2. The linear guide unit according to claim 1, wherein the extent of the first support surface in the transverse direction corresponds to 0.5 to 1.25 times the extent in the transverse direction of the first clamping surface and/or the second support surface in the transverse direction corresponds to 0.5 to 1.25 times the extent in the transverse direction of the second clamping surface.

3. The linear guide unit according to claim 1, wherein the ratio of the extent of the first support surface in the transverse direction to the extent of the base plate in the transverse direction and the ratio of the extent of the second support surface in the transverse direction to the extent of the base plate in the transverse direction is at most 0.1.

4. The linear guide unit according to claim 1, wherein the extent of the first support surface in the transverse direction corresponds to the extent of the first clamping surface and the extent of the second support surface in the transverse direction corresponds to the extent of the second clamping surface.

5. The linear guide unit according to claim 1, wherein the first clamping surface is oriented parallel to the first support surface and the second clamping surface is oriented parallel to the second support surface.

6. The linear guide unit according to claim 1, wherein the first mounting extension is located in a first outer region of the base plate and the second mounting extension is located in a second outer region of the base plate.

7. The linear guide unit according to claim 1, wherein an upper ridge and a lower ridge are formed by a recess formed between the upper side and the bottom side and which extends in longitudinal direction through the entire base plate.

8. The linear guide unit according to claim 1, wherein a ratio of a first distance of a central plane of the upper ridge to the first support surface and/or to the second support surface to a second distance of the central plane of the upper ridge to a first upper side of the first leg and/or to a second upper side of the second leg corresponds to the ratio of the second distance to the sum of the first and second distance.

9. The linear guide unit according to claim 1, wherein a distance between a first base plate end face opposite the first clamping surface decreases with increasing distance from the first outer side of the profiled body and a distance between a second base plate end face opposite the second clamping surface decreases with increasing distance from the second outer side of the profiled body.

10. The linear guide unit according to claim 1, wherein a first guiding step adjacent to the first clamping surface is provided on the first mounting extension and a second guiding step adjacent to the second clamping surface is provided on the second mounting extension, the first guiding step and the second guiding step projecting in the vertical direction.
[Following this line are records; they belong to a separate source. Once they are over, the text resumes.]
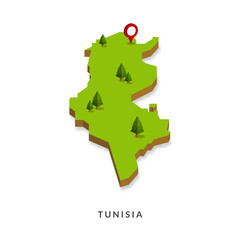 Isometric Map of Tunisia. Simple 3D Map. Vector Illustration - EPS 10 Vector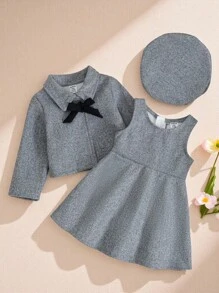 Souflis Souflis 3pcs/Set Baby Girls Autumn/Winter Classic Elegant Wool Blend Short Cardigan, Sleeveless Dress And Beret Hat Outfit, Soft And Comfortable Fabric, Suitable For Outings - Grey - View 1
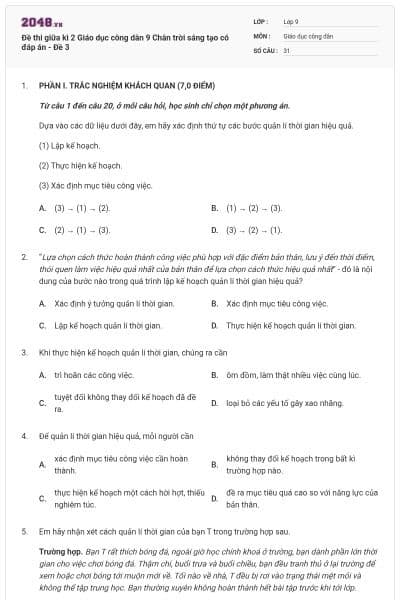 Đề thi giữa kì 2 Giáo dục công dân 9 Chân trời sáng tạo có đáp án - Đề 3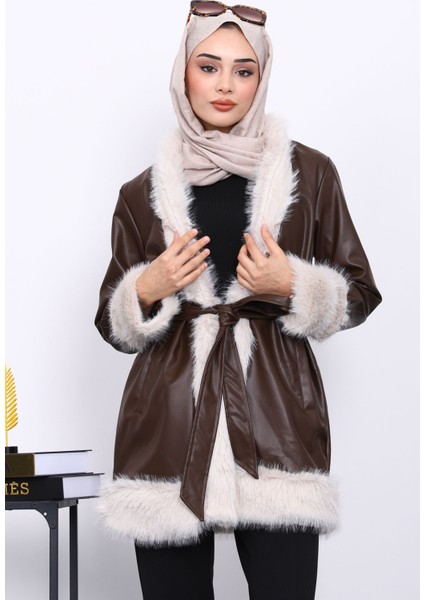 Kahverengi Kürk Detaylı Kuşaklı Deri Trenç Ceket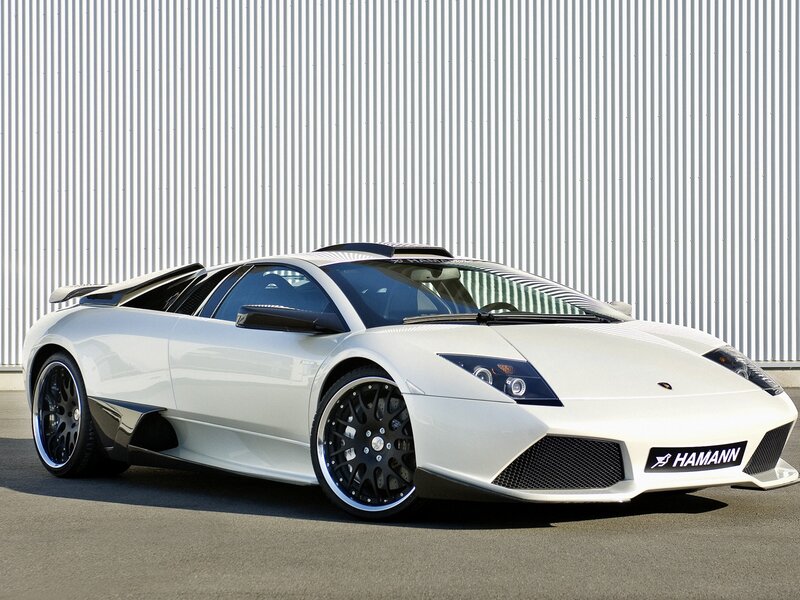 White Lamborghini Sports Car — Modern
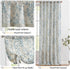 jinchan Linen Floral Valance, Double Layer Kitchen Window Curtain with Blue Flower on Beige (16 Inch)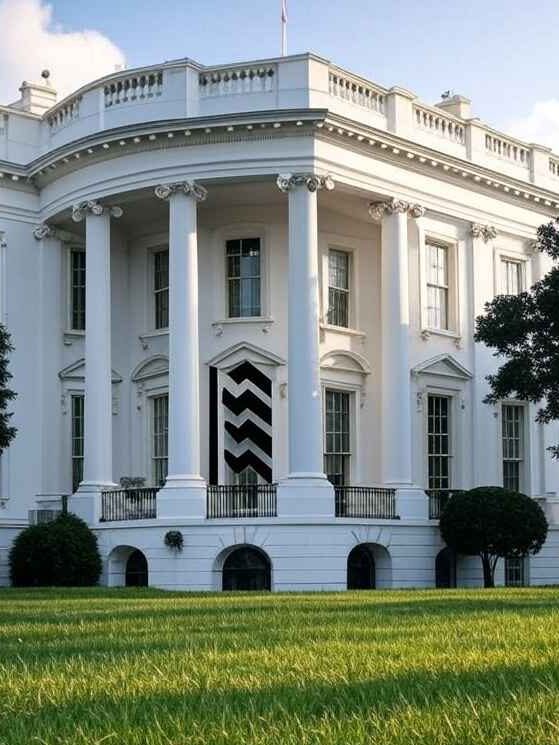 A white house with black chevron and white windows and white pillars
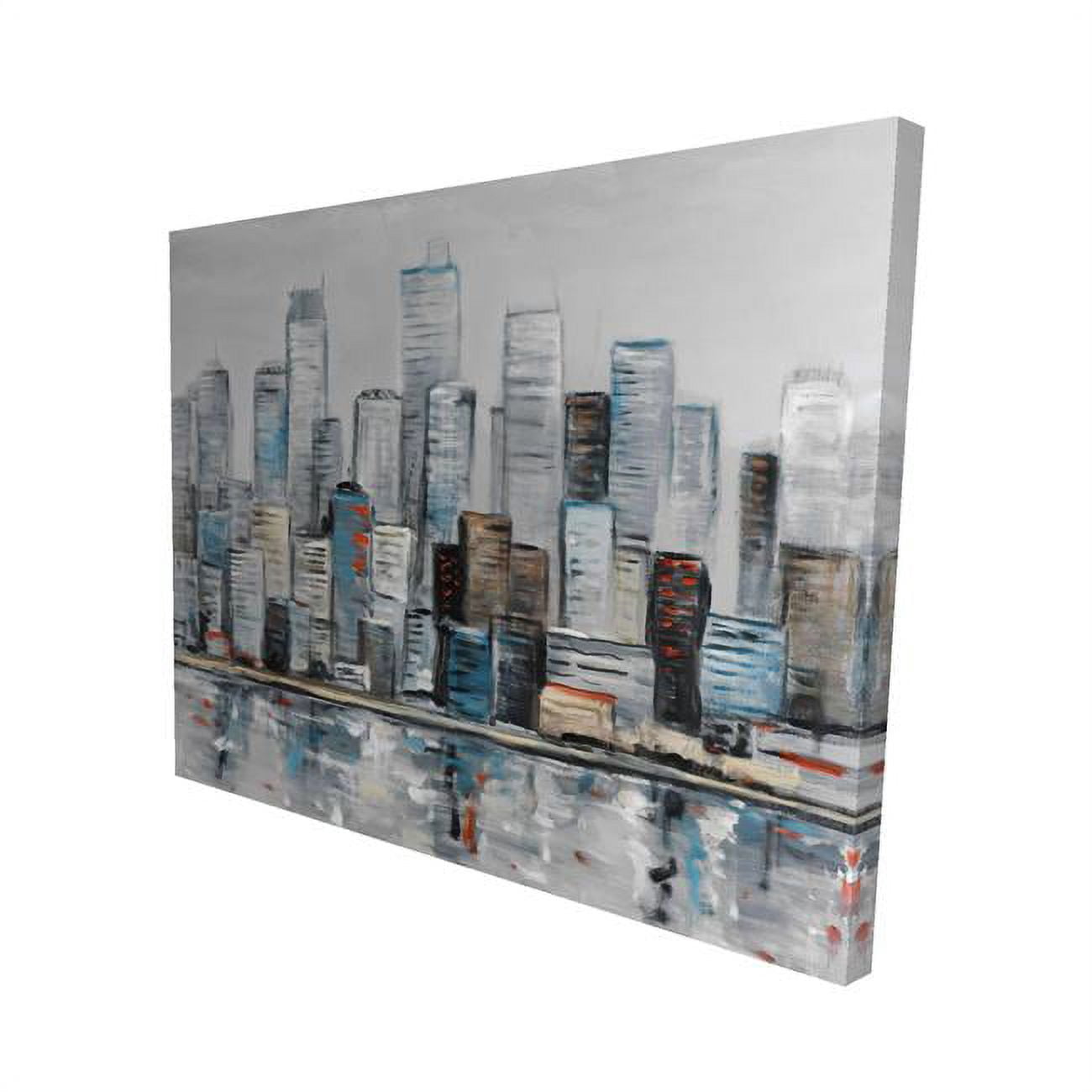 16 x 20 in. Abstract Urban Skyline-Print on Canvas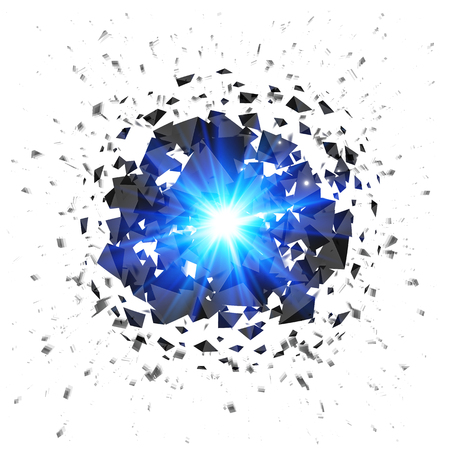 Blue flaming vector meteor explosion isolated on white backgroundのイラスト素材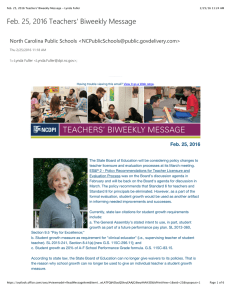 Feb. 25, 2016 Teachers' Biweekly Message North Carolina Public Schools &lt;&gt;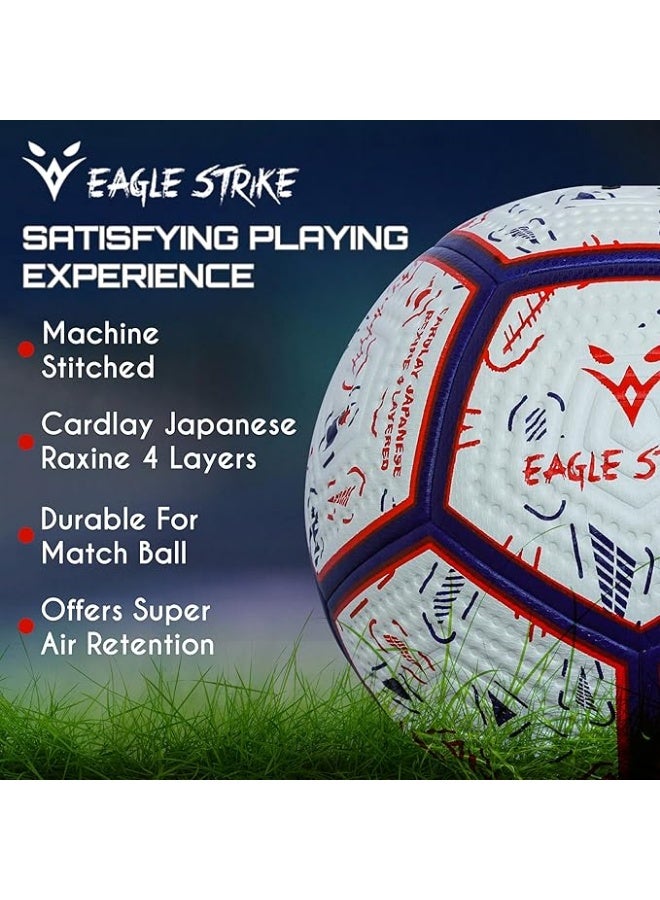 Eagle Strike Professional Match Soccer Ball – Size 5 PU Football, Red & Blue, Official Weight 420-440g - Image 3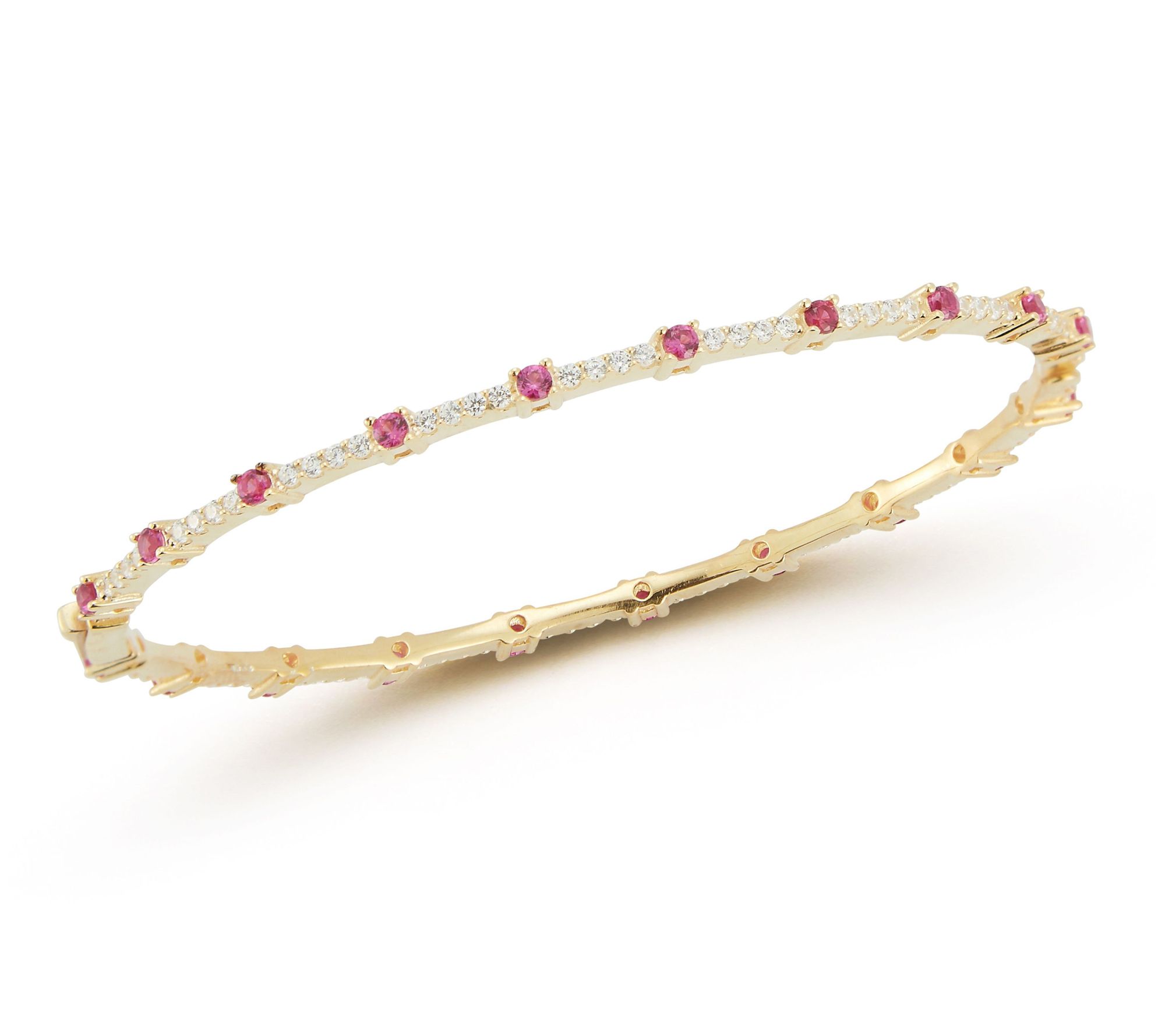 Sterlina Silver Pave Thin Bangle, 14K Gold Plated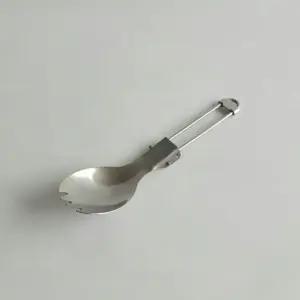 단테의 견해 티타늄(광택 처리된) 접이식 스포크 하이킹 및 캠핑용 초경량 식기류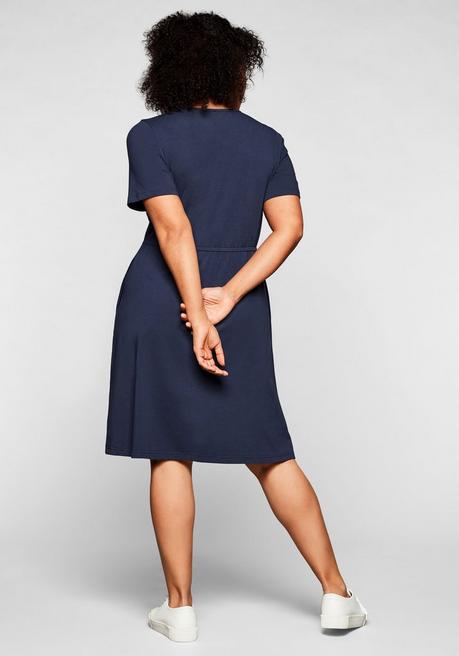 Sheego Jerseykleid Mit Cut-out Am Ausschnitt - Marine Sheego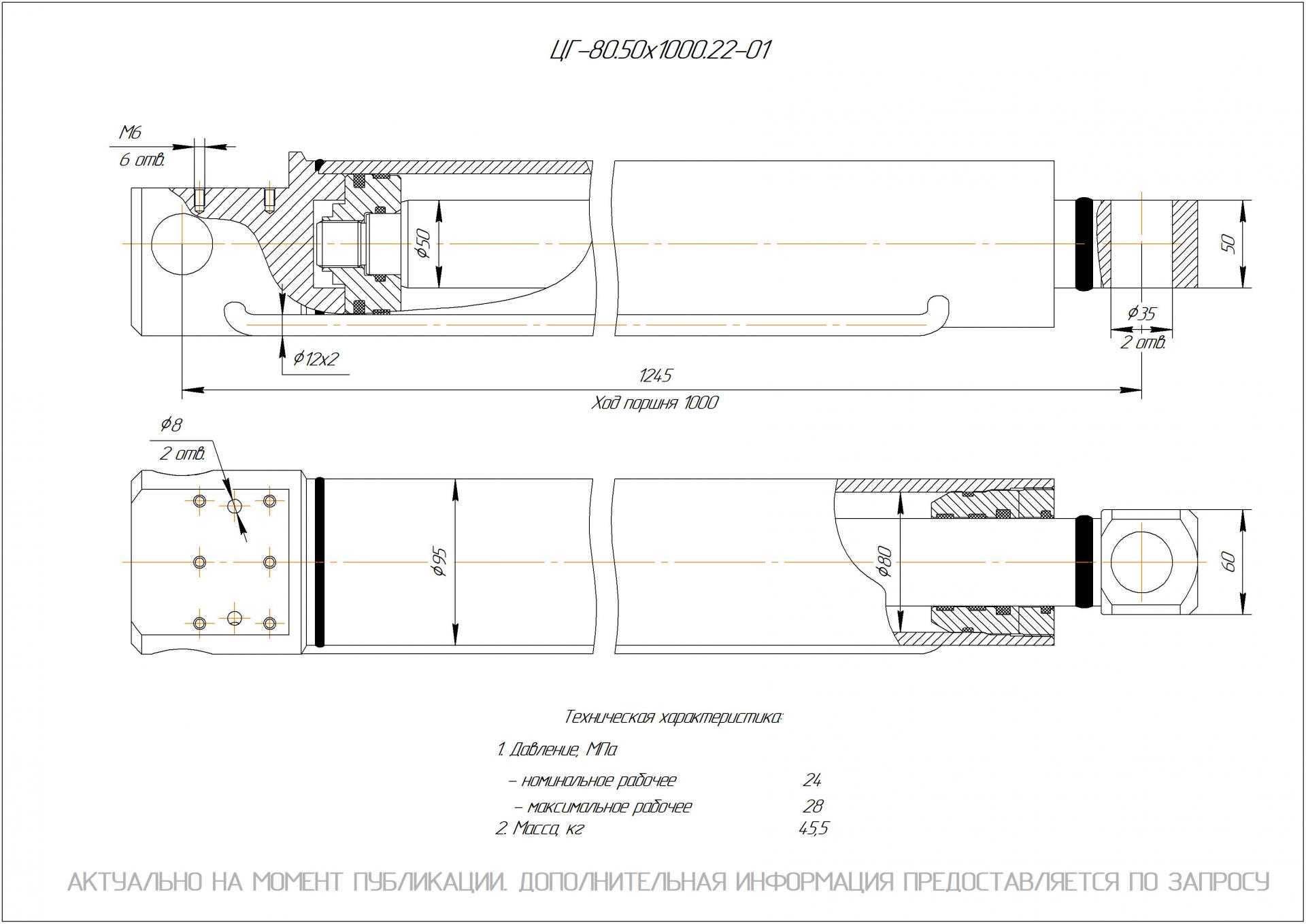 ЦГ-80.50х1000.22-01 Гидроцилиндр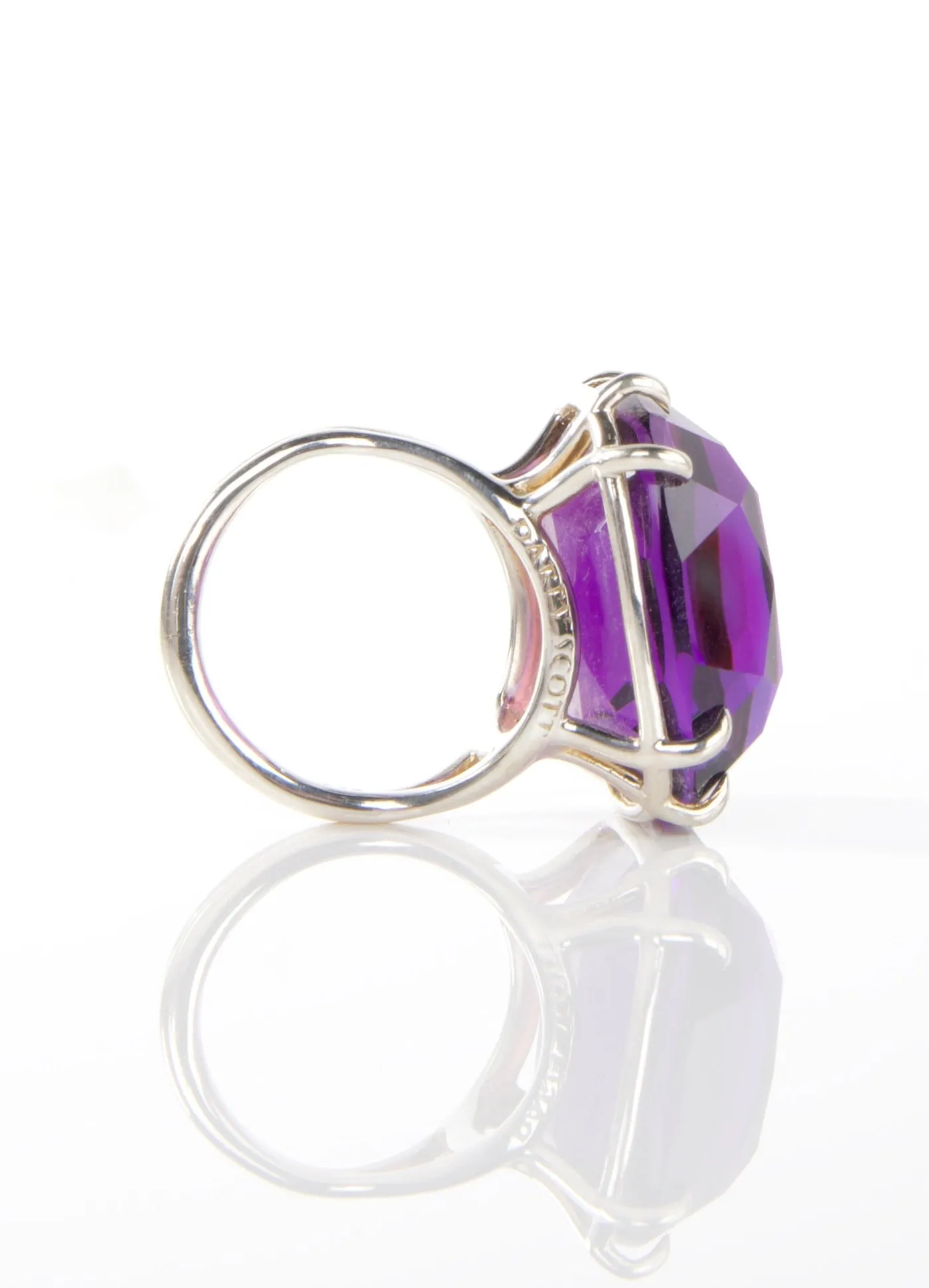 Dark Amethyst Sterling Cocktail Ring, 34 Carat Cushion Cut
11. The linear guide unit according to claim 1, wherein an outer side of the first mounting extension is oriented parallel to the first outer side of the profiled body and an outer side of the second mounting extension is oriented parallel to the second outer side of the profiled body, wherein the outer side of the first mounting extension and the first outer side of the profiled body lie in a common plane and the outer side of the second mounting extension and the second outer side of the profiled body lie in a common plane.

12. The linear guide unit according to claim 1, wherein the first guiding surface is formed on a first guide rail and the second guiding surface is formed on a second guide rail, the first guide rail being force-locked and/or material-locked connected to the first inner side and the second guide rail being force-locked and/or material-locked connected to the second inner side.